EXERCISE INSTRUCTIONS
Would you return exactly the lines below from the line with "Natural Crystal Multicolor" through the line with "Burgundy stethoscope nurse", both included, and nothing else, leaving out the pictures?

--- SOURCE MATERIAL Enclosed Below ---

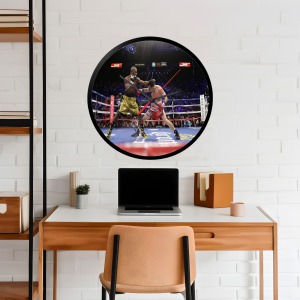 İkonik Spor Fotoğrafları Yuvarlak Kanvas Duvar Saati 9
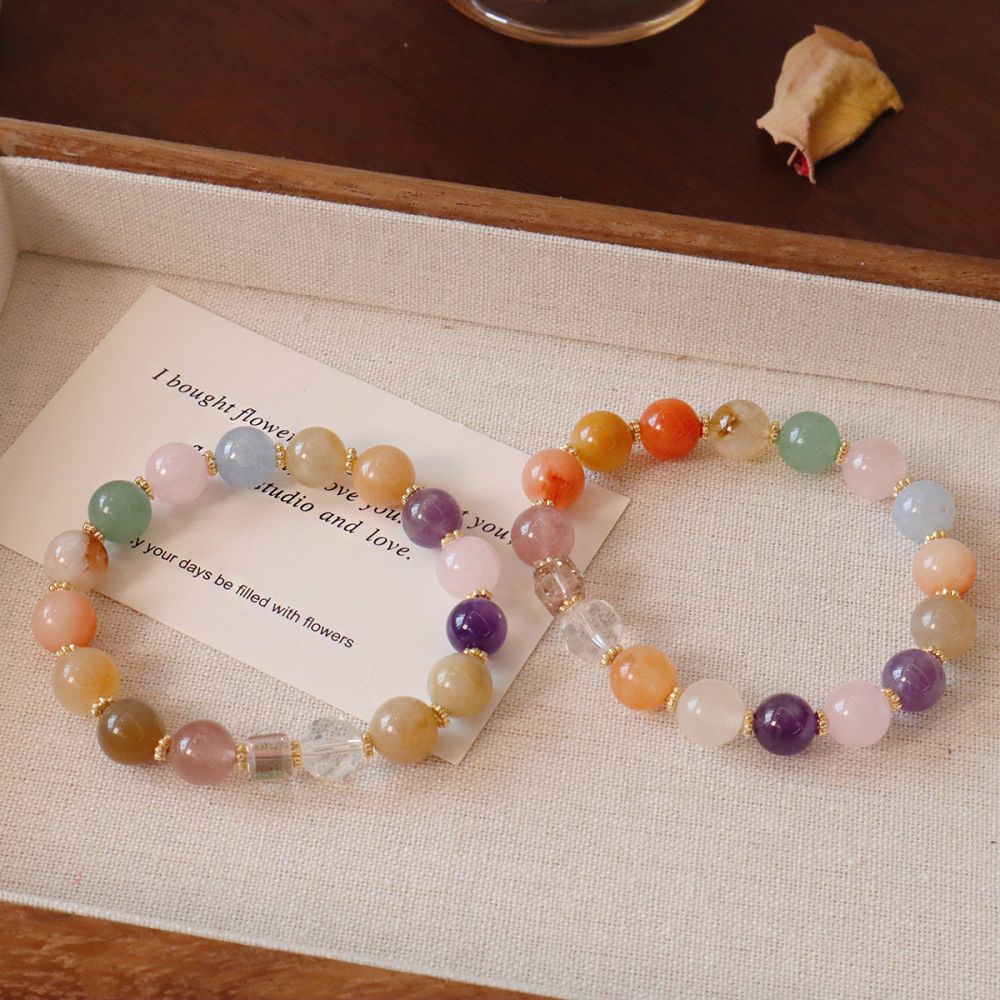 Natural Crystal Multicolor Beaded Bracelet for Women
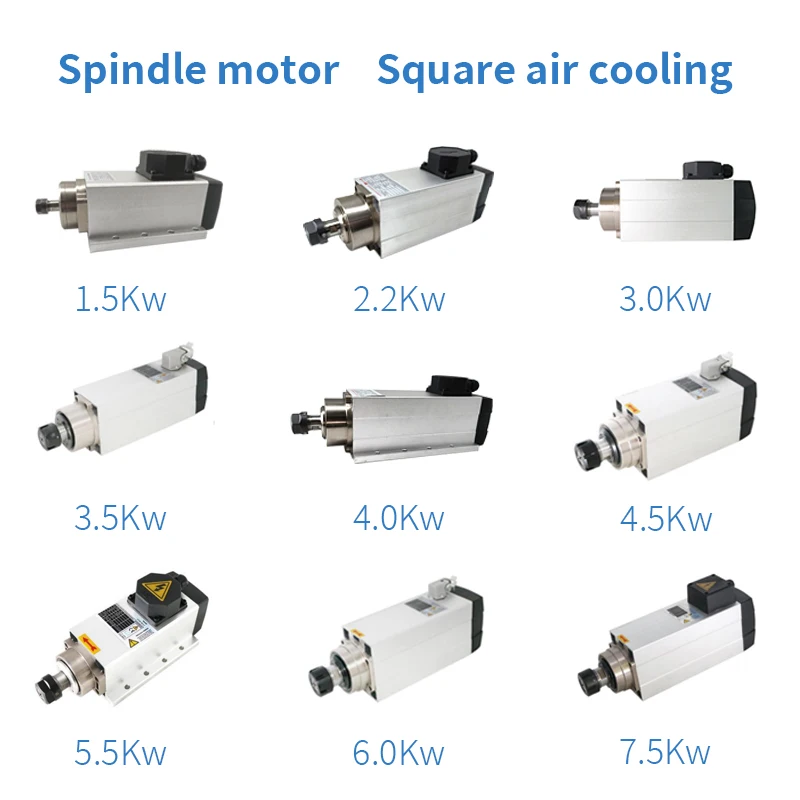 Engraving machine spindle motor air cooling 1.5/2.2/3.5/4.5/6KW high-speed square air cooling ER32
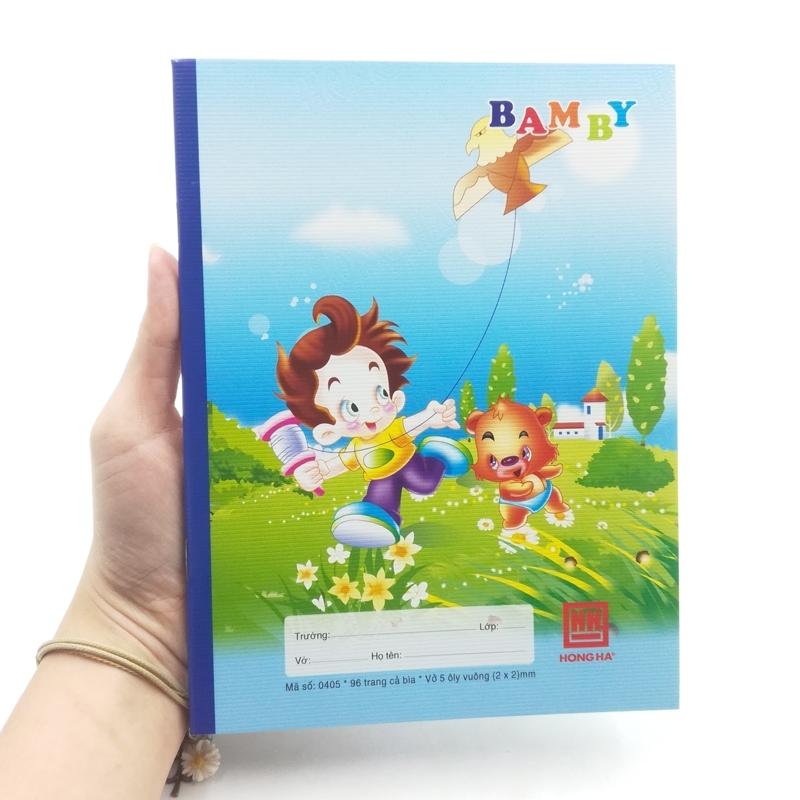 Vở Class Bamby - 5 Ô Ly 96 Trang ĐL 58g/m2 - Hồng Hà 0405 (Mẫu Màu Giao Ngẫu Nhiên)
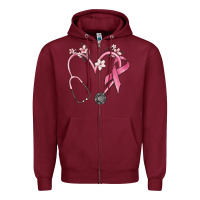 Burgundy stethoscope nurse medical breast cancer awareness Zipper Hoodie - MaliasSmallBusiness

--- End of Enclosed SOURCE MATERIAL ---
--- SOURCE MATERIAL Enclosed Below ---

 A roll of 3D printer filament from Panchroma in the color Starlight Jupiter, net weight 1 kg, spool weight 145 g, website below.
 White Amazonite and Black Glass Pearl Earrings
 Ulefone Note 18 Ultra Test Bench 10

--- End of Enclosed SOURCE MATERIAL ---

RESPONSE TO THE EXERCISE
 Natural Crystal Multicolor Beaded Bracelet for Women
 Engraving machine spindle motor air cooling 1.5/2.2/3.5/4.5/6KW high-speed square air cooling ER32
 Vở Class Bamby - 5 Ô Ly 96 Trang ĐL 58g/m2 - Hồng Hà 0405 (Mẫu Màu Giao Ngẫu Nhiên)
 Burgundy stethoscope nurse medical breast cancer awareness Zipper Hoodie - MaliasSmallBusiness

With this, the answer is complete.